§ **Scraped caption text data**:
= Beginning of Section =

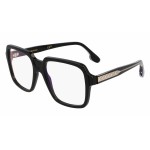 Ramă de Ochelari Damă Victoria Beckham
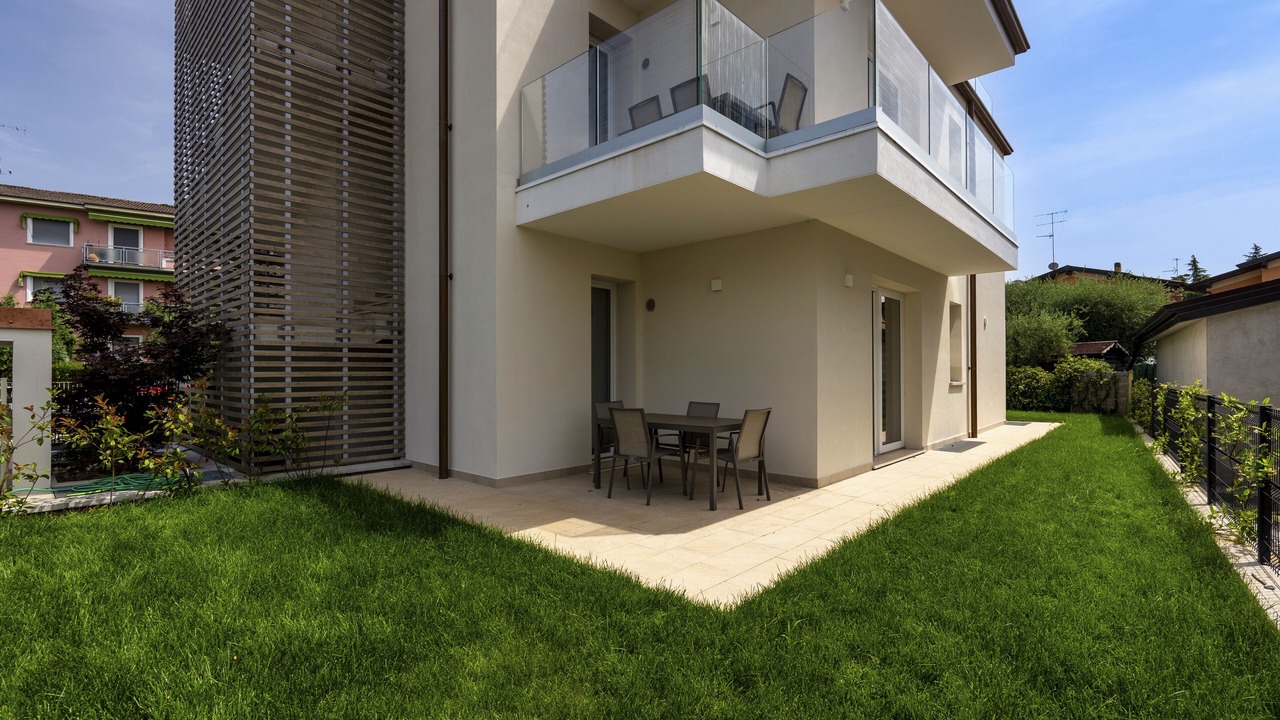 Photo of Outdoor in Rivoltella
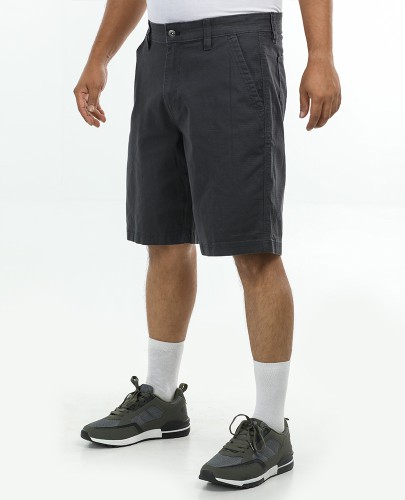 Men's Short Pant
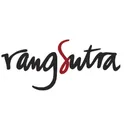 RangSutra Crafts's icon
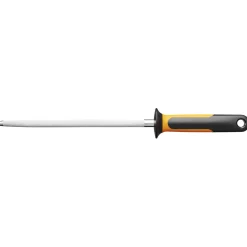 Functional Form strygestål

= End of Section =

Except for the pictures, give the data again word for word.

§ **Solution to this task**:
 Ramă de Ochelari Damă Victoria Beckham
 Photo of Outdoor in Rivoltella
 Men's Short Pant
 RangSutra Crafts's icon
 Functional Form strygestål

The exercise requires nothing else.